The Trump administration has attempted to expand the use of Expedited Removal for undocumented migrants in the United States. This is currently being litigated in Federal Court and a preliminary injunction has been issued on the expanded powers. While the information above is currently correct, it could be that there are changes to the use and availability of Expedited Removal soon.
You will likely be found inadmissible under Section 212(a)(9)(A) of the INA and receive a five-year ban on re-entering the United States if you are deported by Expedited Removal. Under some circumstances it is possible to have a longer or even permanent ban on re-entering the United States. It is not possible to appeal this ban.
If you attempt to enter the United States at a designated port of entry such as an airport and the CBP officer determines that you should be deported by Expedited Removal you may be ‘lucky’ enough to be given the opportunity to voluntarily withdraw your application to enter the United States and return to the country from which you came. The CBP officer has discretion to allow you to do this but if you find yourself in this position you could ask the officer if voluntary return is possible. If you are able to voluntarily return, then you will not have an order of removal on your immigration record. This means you should not receive a re-entry ban and should be allowed to attempt to enter again once you have obtained the appropriate valid visa.

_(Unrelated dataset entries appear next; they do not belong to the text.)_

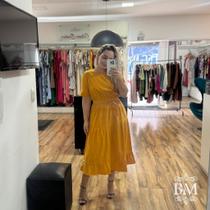 Vestido em Alfaiataria, Mostarda, Evasê, Detalhe Guipier Manga e Barra, Ajuste Elástico Cintura, Cinto, Invait BM1242M Vestido em Alfaiataria, Mostarda, Evasê, Detalhe Guipier Manga e Barra, Ajuste Elástico Cintura, Cinto, Invait BM1242M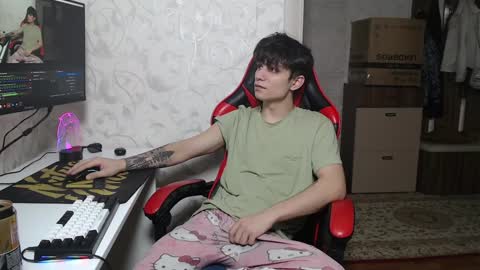 Snapshot of rik_and chatting on January 14, 2:11 pm Rick online show from January 14, 2:11 pm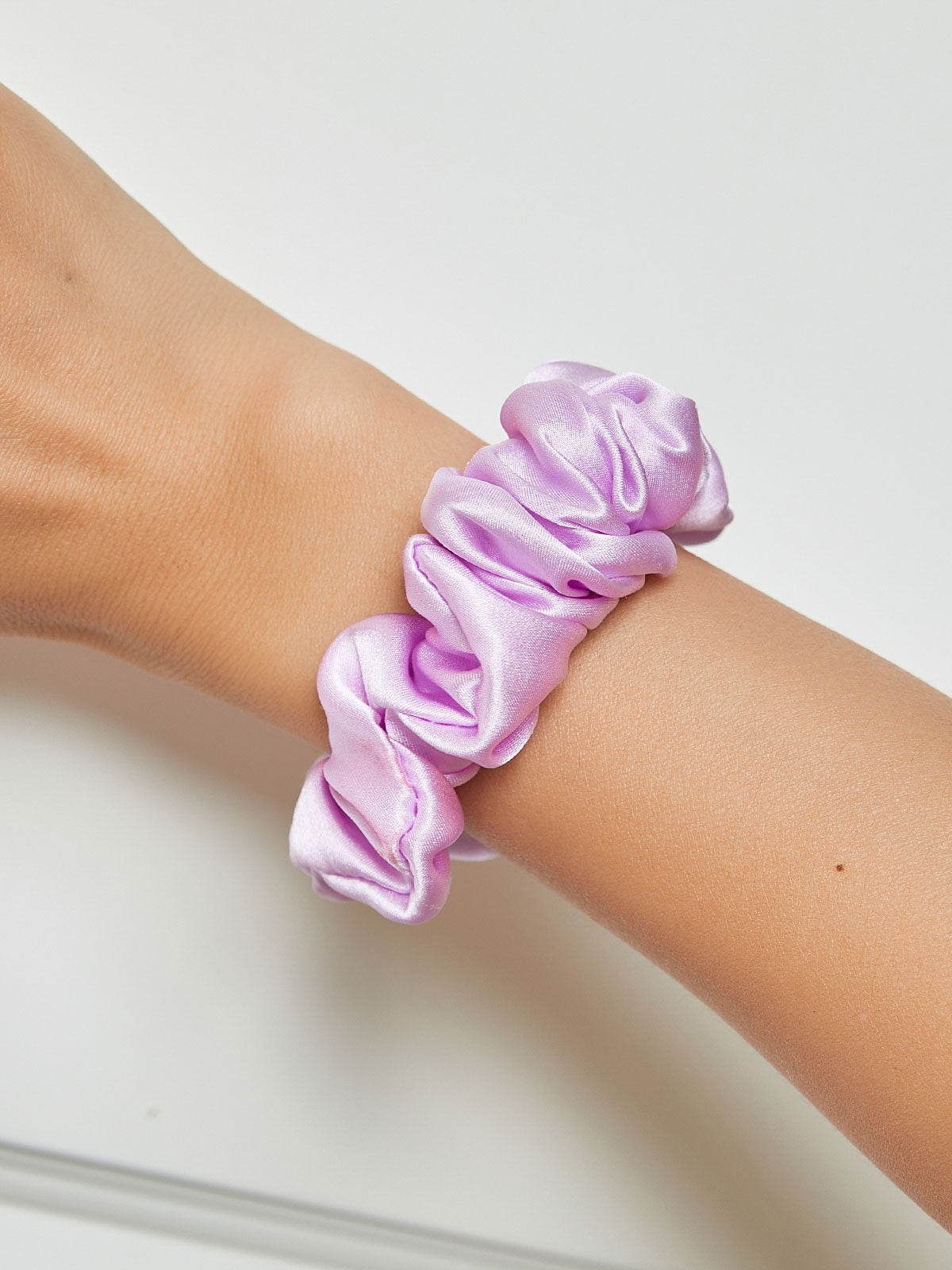 [Laventeli] SilkSilky-FI 19Momme Scrunchie 001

Those deported via Expedited Removal have the option of filing Form I-212 to ‘waive’ (ignore for the purpose of allowing someone to enter the United States) their entry ban. You only need to waive a re-entry ban if it is still in effect. If the time of the ban has elapsed by the time of your next planned trip to the United States.
While Form I-212 is relatively straight forward it does have a current processing time (at time of writing) of between six and eight months. It also has a filing fee of $930. If successful, you will be able to apply for a new visa and travel to the United States again without being hindered by your ban.
CONSENT TO REAPPLY AT AN EMBASSY OR CONSULATE
I usually advise my clients not to file the I-212. It is possible to request a Consular officer at a US Embassy or Consulate to submit an ‘ARIS Waiver Request’ during a visa application. In this way you may be able to receive ‘Consent to Reapply’ for admission to the United States and have your re-entry ban waived. The benefit of this is there is no filing fee so clients immediately save the $930 filing fee (although there is still a visa fee). These requests are also much quicker than the processing time of an I-212 with expedited requests being approved within a couple of weeks and normal requests taking only a couple of months.
The downsides to applying via an Embassy or a Consulate are that some Consular Officers are not familiar with this procedure as the majority of people use the Form I-212 (as many applicants are not aware of the possibility of doing this at a visa application) and that the Consular Officer may use their discretion as to whether they make the ARIS Waiver Request on your behalf. This means that if you file form I-212 you certainly will have an adjudicator from USCIS take a look at your case but this might not be the case if you attempt to have your re-entry ban waived via an Embassy or Consulate. In both cases there is no guarantee that your re-entry ban will be waived.
Expedited Removal is being used more and more frequently as a discretionary tool to deport people from the United States. Often the consequences of being deported this way are a re-entry ban. It is possible to have a re-entry ban waived so that you can go to the United States without having to wait for the ban to elapse.